WHAT YOU SHOULD DO:
Having located "Album cover of Tremenda Sata Pt. 3 (Remix)", write out its line and the remaining lines of the material exactly, the last one included, but not the pictures.
═════ DATA SHOWN
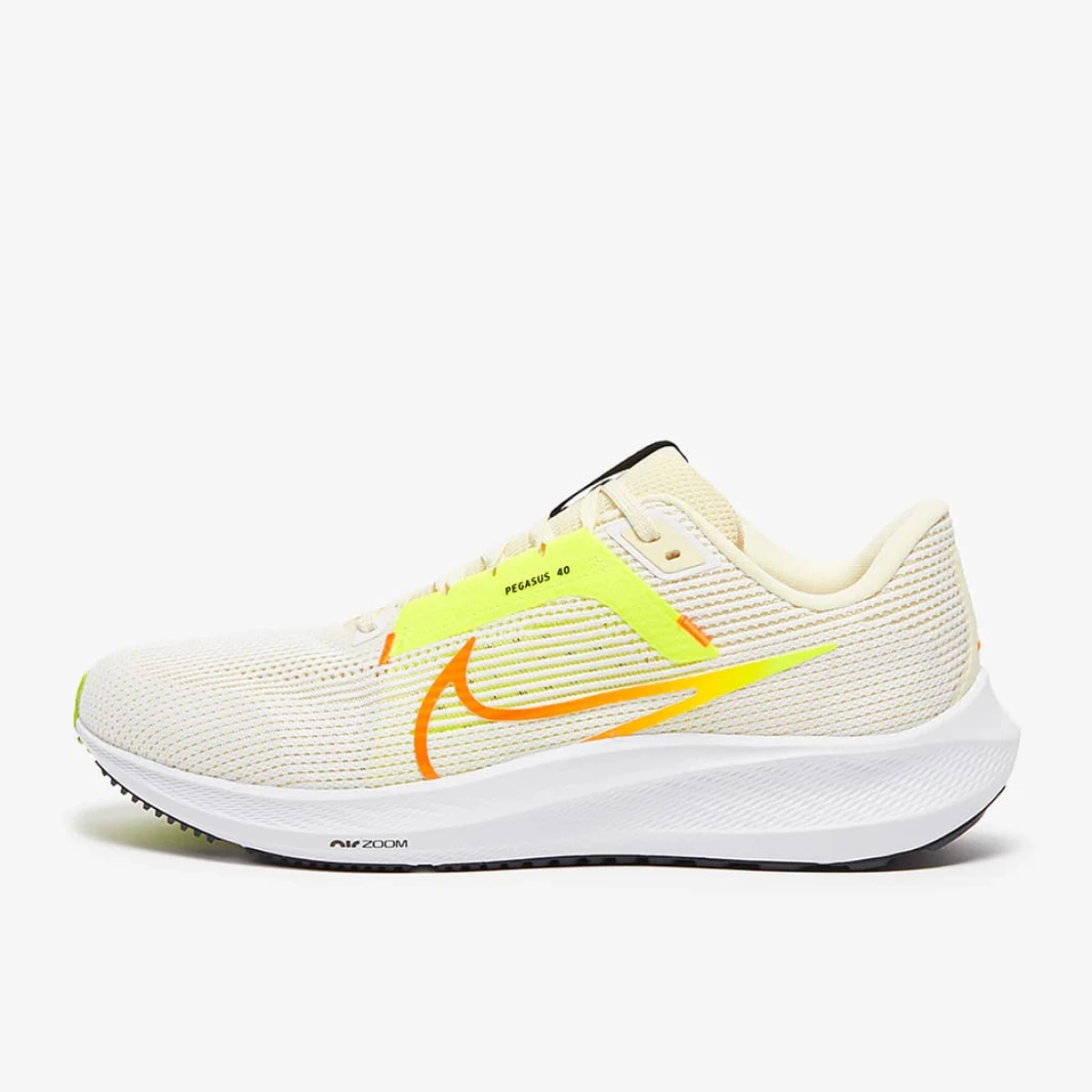 Champion Nike Running Hombre Air Zoom Pegasus 40 White/Multi-Color - S/C 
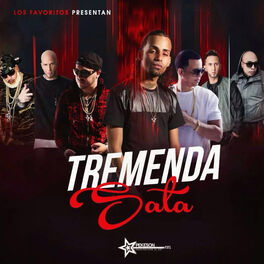 Album cover of Tremenda Sata Pt. 3 (Remix)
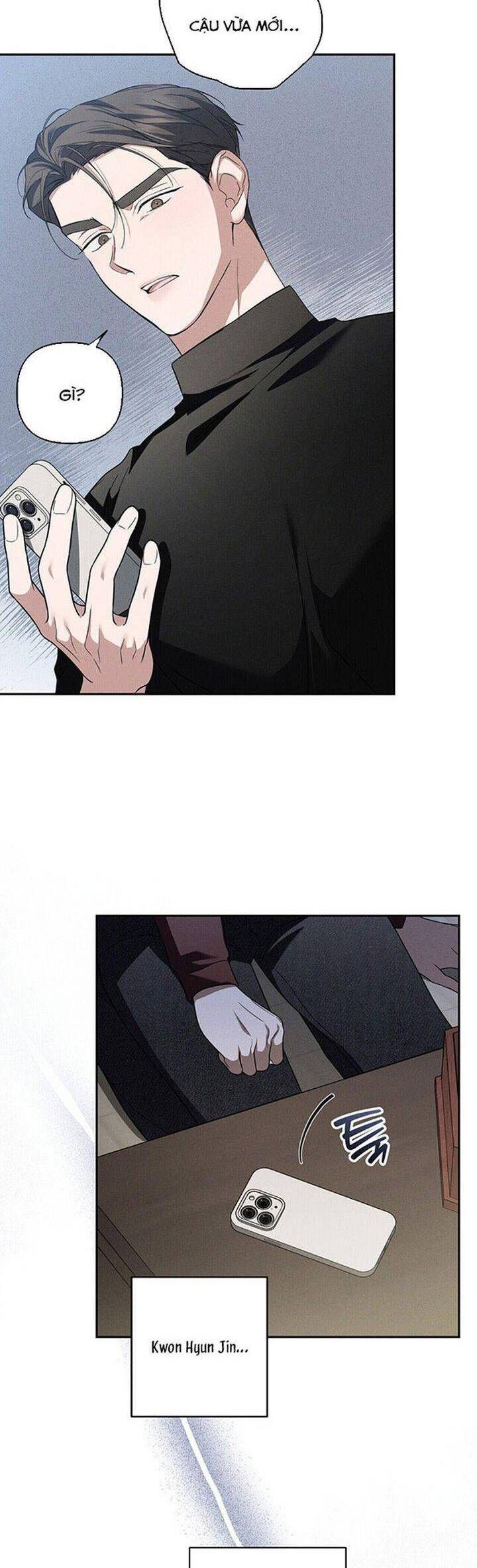 Thời Khắc Định Đoạt Tình Duyên Chap 12 - Next Chap 13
══════════
RESULT:
 Album cover of Tremenda Sata Pt. 3 (Remix)
 Thời Khắc Định Đoạt Tình Duyên Chap 12 - Next Chap 13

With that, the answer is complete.